Accuracy of the classifier: 86.25%


As the computation displays, the classifier has classified reviews correctly with a rate of 86.25%. This is not a bad score, therefore we can proceed applying it on custom data of our choice.

In [26]:
from sklearn.model_selection import train_test_split
from sklearn.feature_extraction.text import TfidfVectorizer
from sklearn.svm import SVC

#First let's define what reviews we want to proof, in this case we specify custom ones
test_reviews = ["good film", "crap film", "I find it very interesting", "I will for sure watch it again"]

#We use a TfidVectorizer to vectorize the dataset
vectorizer = TfidfVectorizer()
X_vectorized = vectorizer.fit_transform(dataset['Text'])

# Training the SVM model (notice that since we want to test custom reviews we can use the whole dataset here, without splitting)
svm = SVC(kernel='linear')
svm.fit(X_vectorized, dataset['Label'])

# Predicting the sentiment of provided reviews
test_reviews = ["good film", "crap film", "I find it very interesting", "I will for sure watch it again", "how can you keep watching this for 2 hours straight, boredom in its purest for"]
test_reviews_vectorized = vectorizer.transform(test_reviews)
predictions = svm.predict(test_reviews_vectorized)

# Display predictions for test reviews
for review, prediction in zip(test_reviews, predictions):
    print(f"Review: {review} --> Predicted Label: {prediction}")
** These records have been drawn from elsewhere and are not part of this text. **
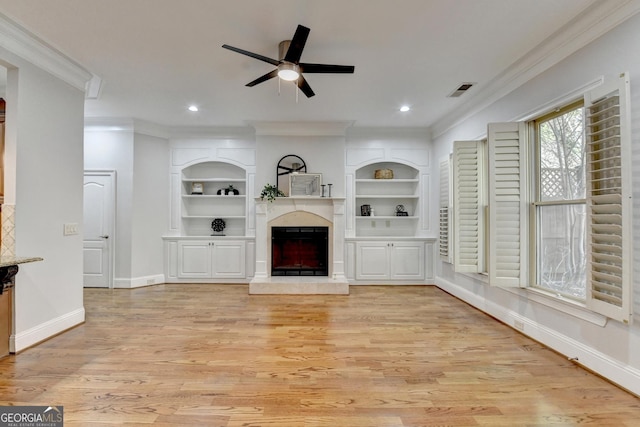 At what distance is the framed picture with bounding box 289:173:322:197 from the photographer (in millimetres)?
5414

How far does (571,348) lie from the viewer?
8.79 ft

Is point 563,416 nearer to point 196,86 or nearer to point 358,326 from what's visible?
point 358,326

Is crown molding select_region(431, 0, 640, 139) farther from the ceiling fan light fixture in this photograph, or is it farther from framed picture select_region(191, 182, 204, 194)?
framed picture select_region(191, 182, 204, 194)

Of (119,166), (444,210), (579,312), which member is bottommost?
(579,312)

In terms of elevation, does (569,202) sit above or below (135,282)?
above

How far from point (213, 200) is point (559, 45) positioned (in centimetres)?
541

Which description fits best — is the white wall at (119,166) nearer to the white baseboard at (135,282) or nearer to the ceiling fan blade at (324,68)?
the white baseboard at (135,282)

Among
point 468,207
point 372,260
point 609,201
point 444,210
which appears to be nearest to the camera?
point 609,201

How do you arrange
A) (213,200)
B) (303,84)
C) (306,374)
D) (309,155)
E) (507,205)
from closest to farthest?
1. (306,374)
2. (303,84)
3. (507,205)
4. (309,155)
5. (213,200)

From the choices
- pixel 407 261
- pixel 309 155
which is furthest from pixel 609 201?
pixel 309 155

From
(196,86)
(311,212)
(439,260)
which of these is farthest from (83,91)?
(439,260)

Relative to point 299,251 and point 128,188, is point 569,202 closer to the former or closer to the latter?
point 299,251

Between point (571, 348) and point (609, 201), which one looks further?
point (571, 348)

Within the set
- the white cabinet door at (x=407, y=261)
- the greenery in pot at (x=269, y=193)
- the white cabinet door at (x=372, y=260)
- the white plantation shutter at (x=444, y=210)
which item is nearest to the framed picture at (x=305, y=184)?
the greenery in pot at (x=269, y=193) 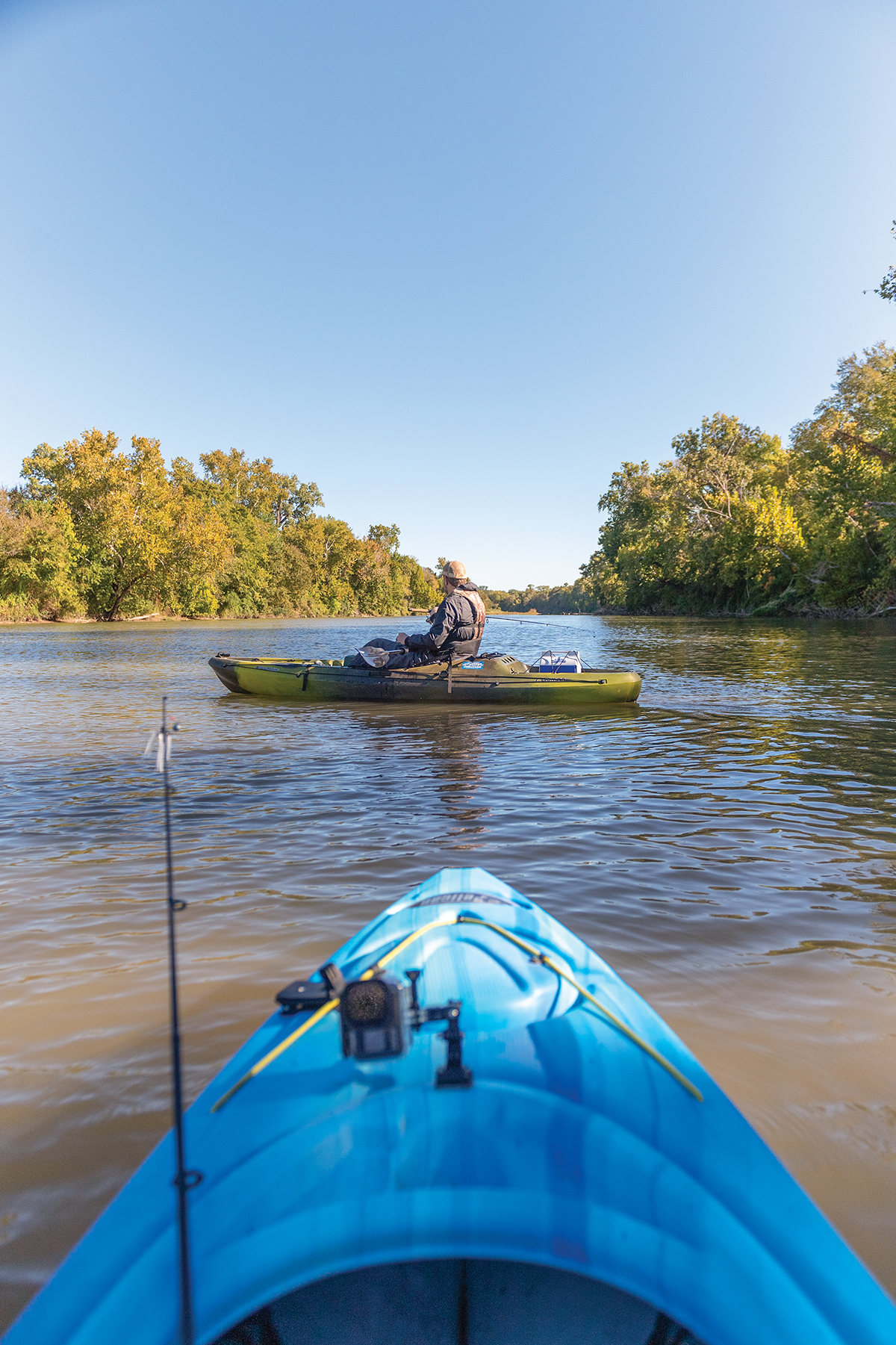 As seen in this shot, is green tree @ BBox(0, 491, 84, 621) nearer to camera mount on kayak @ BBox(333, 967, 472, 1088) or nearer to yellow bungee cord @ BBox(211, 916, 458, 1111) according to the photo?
yellow bungee cord @ BBox(211, 916, 458, 1111)

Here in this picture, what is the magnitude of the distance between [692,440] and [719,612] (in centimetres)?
1411

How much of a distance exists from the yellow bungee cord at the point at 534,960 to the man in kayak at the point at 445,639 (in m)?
8.48

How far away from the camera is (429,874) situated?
4629 millimetres

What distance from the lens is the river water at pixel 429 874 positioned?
242 centimetres

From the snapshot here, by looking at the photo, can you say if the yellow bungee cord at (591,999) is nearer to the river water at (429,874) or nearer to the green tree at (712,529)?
the river water at (429,874)

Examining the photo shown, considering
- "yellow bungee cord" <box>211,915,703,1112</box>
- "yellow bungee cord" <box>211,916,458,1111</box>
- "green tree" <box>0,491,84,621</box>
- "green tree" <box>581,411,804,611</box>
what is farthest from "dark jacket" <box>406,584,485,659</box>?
"green tree" <box>0,491,84,621</box>

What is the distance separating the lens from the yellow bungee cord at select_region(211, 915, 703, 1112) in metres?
1.72

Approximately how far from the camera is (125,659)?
21.9 metres

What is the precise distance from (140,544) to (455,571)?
46.8 m

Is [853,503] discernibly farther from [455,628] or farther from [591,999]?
[591,999]

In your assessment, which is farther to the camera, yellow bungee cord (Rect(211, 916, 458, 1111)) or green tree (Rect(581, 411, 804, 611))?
green tree (Rect(581, 411, 804, 611))

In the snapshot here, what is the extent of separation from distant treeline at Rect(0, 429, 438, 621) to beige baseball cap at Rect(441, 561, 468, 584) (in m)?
42.4

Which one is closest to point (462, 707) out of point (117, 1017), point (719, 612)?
point (117, 1017)

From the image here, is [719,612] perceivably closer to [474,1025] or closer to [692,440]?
[692,440]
Review: good film --> Predicted Label: 1
Review: crap film --> Predicted Label: 0
Review: I find it very interesting --> Predicted Label: 0
Review: I will for sure watch it again --> Predicted Label: 1
Review: how can you keep watching this for 2 hours straight, boredom in its purest for --> Predicted Label: 0


By looking at the reviews, one would conclude:
- Positive Reviews:
1. good film
2. I find it very interesting
3. I will for sure watch it again
- Negative Reviews:
1. crap film
2. how can you keep watching this for 2 hours straight, boredom in its purest for

The classifier predicted the label correctly 4/5 times. However, in this case we are considering a custom and small sample of tweets.